Dataset section
#####

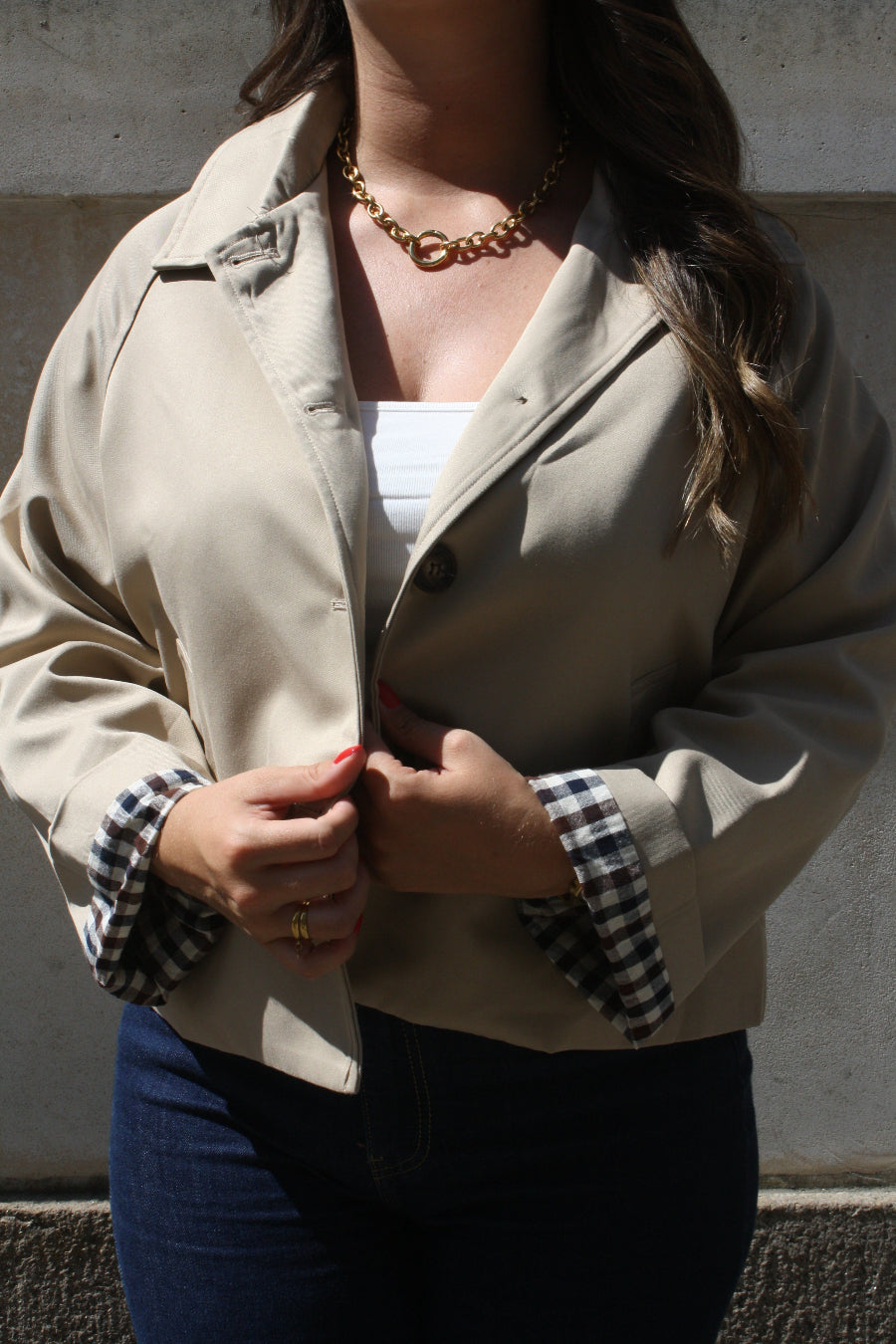 Trench court beige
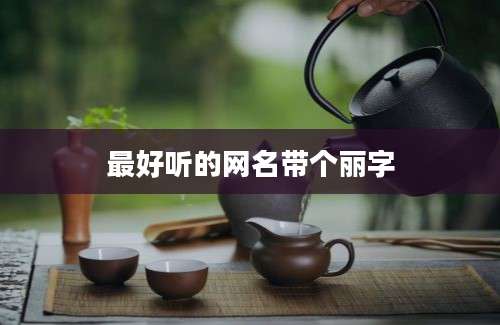 最好听的网名带个丽字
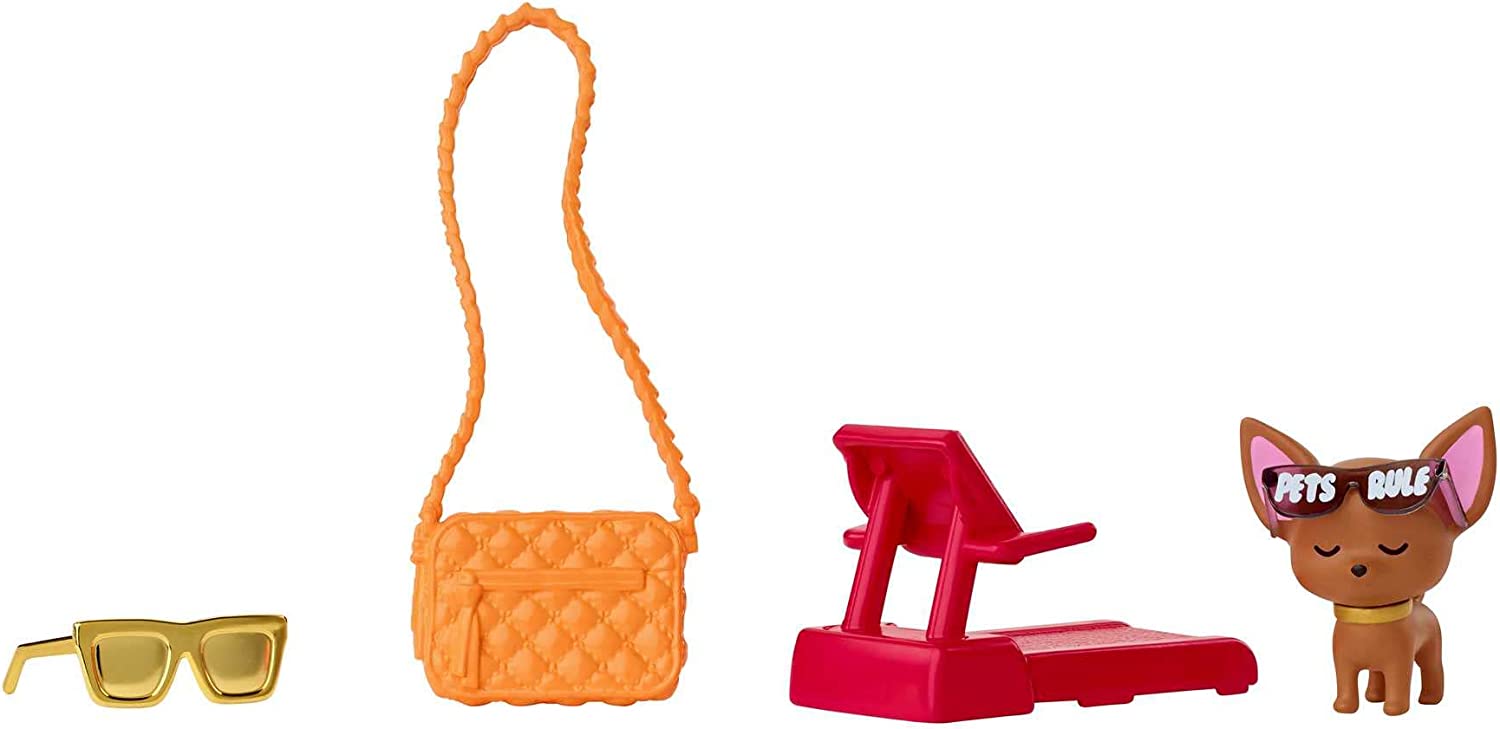 Barbie Extra Muñeca Con Chaqueta Azul Pet Chihuahua N 16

#####

Task objective
Could you return the listing above exactly, minus its pictures?

Output of the task
 Trench court beige
 最好听的网名带个丽字
 Barbie Extra Muñeca Con Chaqueta Azul Pet Chihuahua N 16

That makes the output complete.